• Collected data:
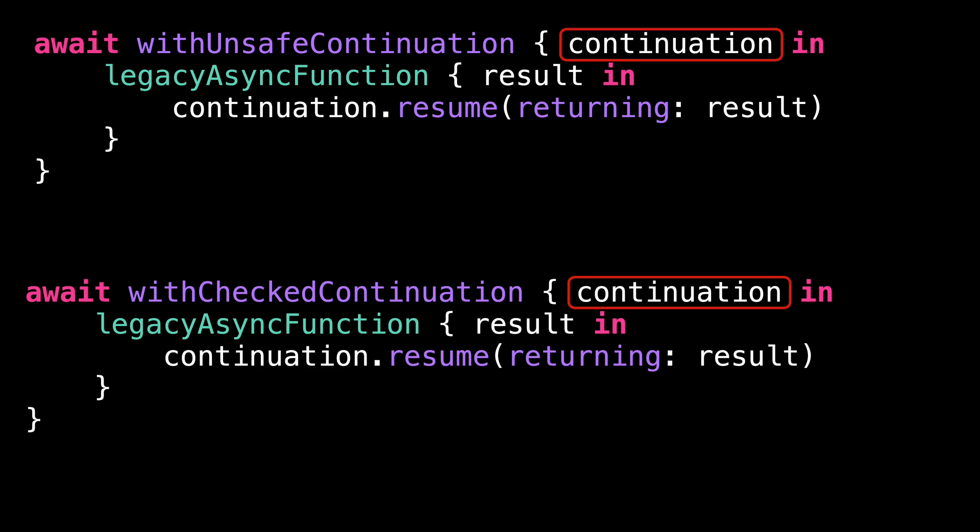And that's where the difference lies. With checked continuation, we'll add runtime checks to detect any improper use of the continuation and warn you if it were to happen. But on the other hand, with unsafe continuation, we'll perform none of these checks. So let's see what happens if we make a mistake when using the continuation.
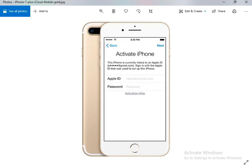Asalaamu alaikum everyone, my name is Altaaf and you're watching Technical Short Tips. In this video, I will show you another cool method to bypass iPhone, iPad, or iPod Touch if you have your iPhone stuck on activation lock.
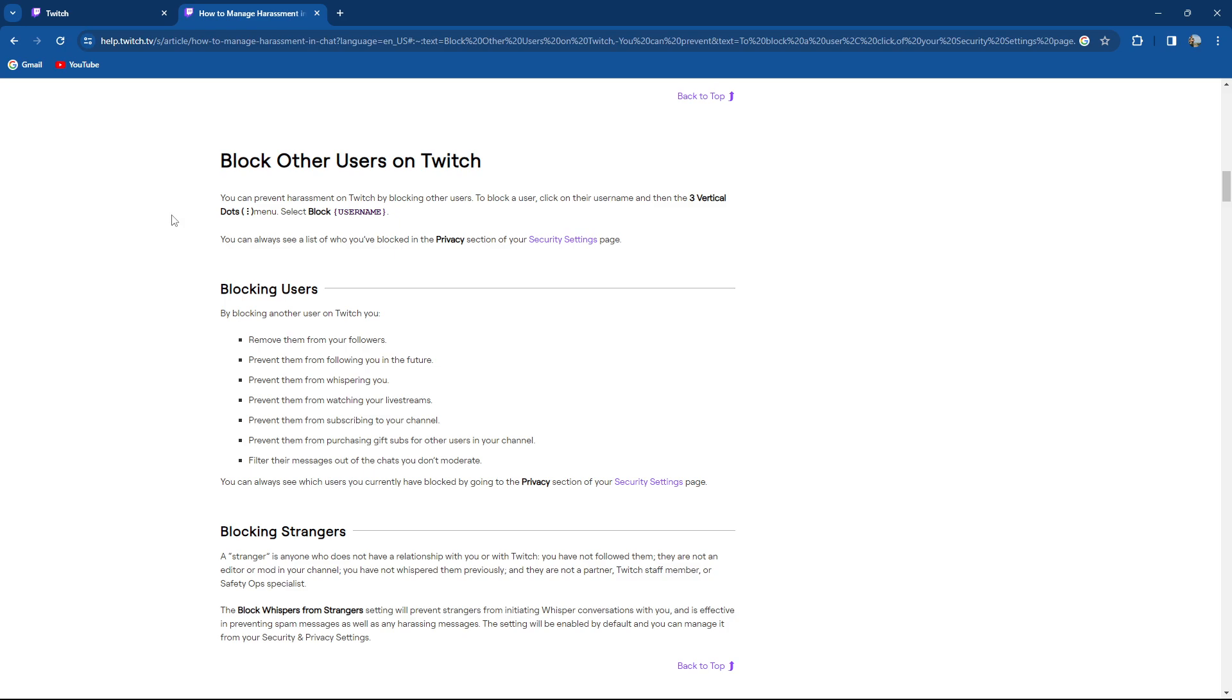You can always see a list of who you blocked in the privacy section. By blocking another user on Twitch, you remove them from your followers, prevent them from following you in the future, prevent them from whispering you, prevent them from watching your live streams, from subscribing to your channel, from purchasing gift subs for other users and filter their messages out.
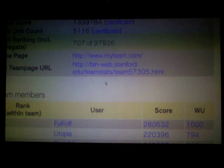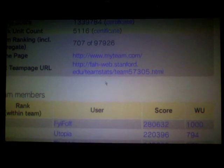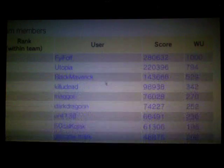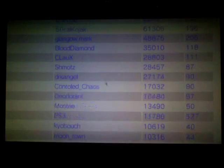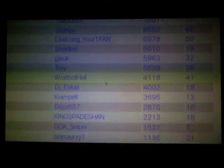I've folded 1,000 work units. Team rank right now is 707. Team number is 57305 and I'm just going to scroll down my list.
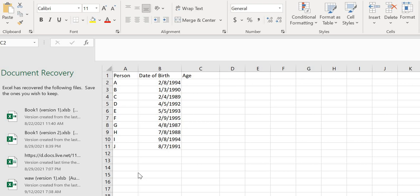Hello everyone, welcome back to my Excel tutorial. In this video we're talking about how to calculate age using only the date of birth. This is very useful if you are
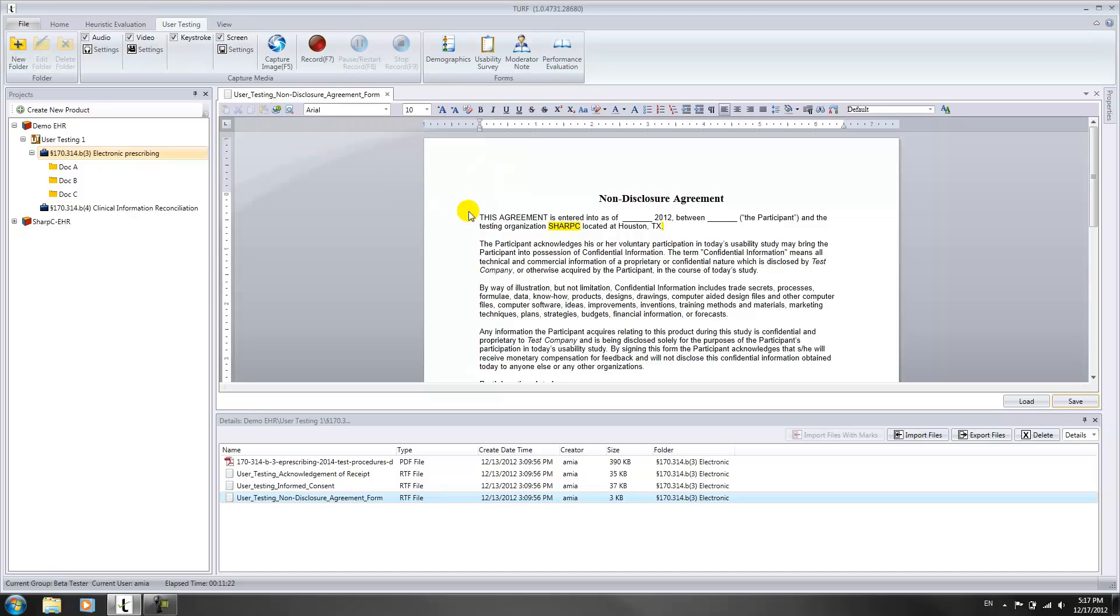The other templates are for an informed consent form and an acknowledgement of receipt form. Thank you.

• What you will do: Restating the data word for word is the task, and pictures are to be omitted.

• Solution to the problem:
And that's where the difference lies. With checked continuation, we'll add runtime checks to detect any improper use of the continuation and warn you if it were to happen. But on the other hand, with unsafe continuation, we'll perform none of these checks. So let's see what happens if we make a mistake when using the continuation.
Asalaamu alaikum everyone, my name is Altaaf and you're watching Technical Short Tips. In this video, I will show you another cool method to bypass iPhone, iPad, or iPod Touch if you have your iPhone stuck on activation lock.
You can always see a list of who you blocked in the privacy section. By blocking another user on Twitch, you remove them from your followers, prevent them from following you in the future, prevent them from whispering you, prevent them from watching your live streams, from subscribing to your channel, from purchasing gift subs for other users and filter their messages out.
I've folded 1,000 work units. Team rank right now is 707. Team number is 57305 and I'm just going to scroll down my list.
Hello everyone, welcome back to my Excel tutorial. In this video we're talking about how to calculate age using only the date of birth. This is very useful if you are
The other templates are for an informed consent form and an acknowledgement of receipt form. Thank you.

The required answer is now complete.